Movie review - "World Without End" (1956) **

Writer-director Edward Bernds was invited to make this film by Richard Heermance, a producer who wanted to use some stock footage from an earlier science fiction film, Flight to Mars (1951). Armed with the concept of astronauts arriving on a strange planet, Bernds says he was inspired by a non-fiction Arthur C Clarke book on science which mentioned the Einstein theory that if you move fast enough, time slows down, and if you approach the speed of light, time stands still. Bernds constructed a story about four astronauts on the first space rocket to Mars who are accidentally transported 522 years into the future. (As Bernds pointed out to Tom Weaver later, this was well before Planet of the Apes (1968) and The Twilight Zone (1959-64); however it was well after HG Wells’ novel, The Time Machine.) The astronauts discover that Earth has become a bleak world inhabited by mutants and giant spiders; the remnants of the human race live underground, where the women are voluptuous and smart but the men are withered and weak. The astronauts help the humans revive and take on the mutants.

Bernds admitted having read The Time Machine but denied there were any similarities between Welles’ book and World Without End – which seems odd since both feature time travel, hopeless impotent humans of the future under the thumb of mutants, time travellers fighting the mutants, and a girl of the future being attracted to a virile time traveller (in the film she is called “Deena” – in Wells’ book, “Weena”). Plagiarised or not, the story of World Without End is the film’s greatest strength; the acting is patchy, but serviceable

Originally titled Flight to the Future, the film started shooting on July 21, 1955. Although the budget was low, it did extend to include Technicolour and CinemaScope. Bernds wanted Sterling Hayden or Frank Lovejoy for the lead but Heermance insisted on the cheaper Hugh Marlowe (from All About Eve (1950)) instead. The other astronauts were played by Nelson Leigh, Chris Dark and Rod Taylor.

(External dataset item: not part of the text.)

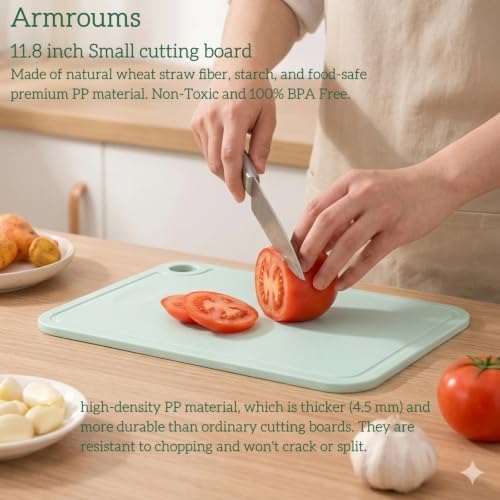 11.8 X 8.5 inch Plastic Mini Cutting Board High-Density Non-Slip Chopping Board for Kitchen BPA-Free Small Cutting Boards Dishwasher Safe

Bernds was not happy with Marlowe’s performance or his attitude on set:

He was not prepared, he didn’t know his lines, and that’s unforgivable. He was lazy. We spent a lot of time out on location – hot, dusty, disagreeable old Iverson’s Ranch – and, as you remember the picture, they were loaded down with packs and weapons and things like that. Between takes Marlowe would chuck the pack, put his weapon down, find shade somewhere. Eventually we’d have to go send for him, find him. Then it took time to get the pack on again. This was unpardonable – the minutes that you lose are precious. Then when he’d get on set he frequently didn’t know his lines, he’d blow scenes. And most of all he didn’t generate the strength that I wanted…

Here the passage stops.